I'm sorry all these food images. And they might make you hungry. So if we want to enter the sashin broth you want to try to in silence feel this flexible world, not a world turned into conceptions, but a world in which you feel the power of perception, There's a kind of bandwidth, like in a radio or TV.

[36:54]

And you're always tuning in each moment. Tuning in without a witness. Tuning in and knowing is knowing itself. This is one definition of non-duality. You don't have to have an observer of your knowing. So there's always the senses and the object and they, in the process of knowing, duality disappears. But if you conceive of it, you turn the duality into three things, actually.

[38:03]

You have three things immediately. Then you're really no longer in this Sashin soup. So if you really know that nothing can be perceived completely, But you can stay in the process or in the situation of knowing.
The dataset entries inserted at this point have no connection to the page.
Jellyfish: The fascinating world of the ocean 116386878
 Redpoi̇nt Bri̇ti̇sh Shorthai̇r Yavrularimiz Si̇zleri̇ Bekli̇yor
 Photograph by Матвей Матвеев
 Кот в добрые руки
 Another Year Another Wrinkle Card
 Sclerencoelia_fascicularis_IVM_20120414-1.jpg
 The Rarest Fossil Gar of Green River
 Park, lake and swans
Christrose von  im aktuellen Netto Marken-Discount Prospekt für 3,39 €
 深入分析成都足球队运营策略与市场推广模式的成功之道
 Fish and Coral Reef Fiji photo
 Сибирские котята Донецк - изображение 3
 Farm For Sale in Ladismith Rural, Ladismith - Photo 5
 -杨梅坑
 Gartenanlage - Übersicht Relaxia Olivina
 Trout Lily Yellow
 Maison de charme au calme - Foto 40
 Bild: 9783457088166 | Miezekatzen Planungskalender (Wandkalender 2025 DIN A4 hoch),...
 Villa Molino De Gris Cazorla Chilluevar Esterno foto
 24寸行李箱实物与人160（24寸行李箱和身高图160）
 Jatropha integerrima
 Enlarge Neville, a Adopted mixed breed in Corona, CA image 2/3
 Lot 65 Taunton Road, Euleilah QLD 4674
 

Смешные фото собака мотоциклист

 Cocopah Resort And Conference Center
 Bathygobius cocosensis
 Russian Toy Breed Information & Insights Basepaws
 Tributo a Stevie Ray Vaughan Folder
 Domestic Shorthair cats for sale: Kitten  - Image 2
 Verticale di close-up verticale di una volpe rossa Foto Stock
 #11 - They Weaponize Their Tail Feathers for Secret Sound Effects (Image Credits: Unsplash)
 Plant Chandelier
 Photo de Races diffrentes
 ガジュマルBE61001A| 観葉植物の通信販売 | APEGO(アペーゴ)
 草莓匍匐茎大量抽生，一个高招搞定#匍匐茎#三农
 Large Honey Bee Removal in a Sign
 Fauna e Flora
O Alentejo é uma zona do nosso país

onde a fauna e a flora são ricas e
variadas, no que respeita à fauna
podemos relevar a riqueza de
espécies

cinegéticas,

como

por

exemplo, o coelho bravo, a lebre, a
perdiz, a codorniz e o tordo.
This is also part of the process of not identifying with your thinking. Of changing thinking into an experience of knowing. A knowing where there's not a witness of the knowing.

[39:13]

So we can't say you're observing or studying yourself exactly. But you're more into an intimacy of knowing yourself. An intimacy which goes beyond studying or observing and allows us to be in what we could call a Buddha broth. And if we can find a silence, a silence we can hear, we'll enhance this process of knowing without conceiving.

[40:18]

Maybe you could have the image of letting yourself down into this Zendo soup stock. Oh, you know, this is expressed in various ways. In one of the koans it's exposed in the golden breeze. Exposed in the golden wind. Exposed in the golden wind. And maybe some kind of image like this is better than this logic of Dignaga's. It's the same, maybe the image is more effective. To let yourself down into feeling this world without conceiving it.

[41:52]

Perhaps this is to gather ourselves into the mind of everything. And maybe it is that we gather in the spirit of all. Yes. Okay. Thank you very much.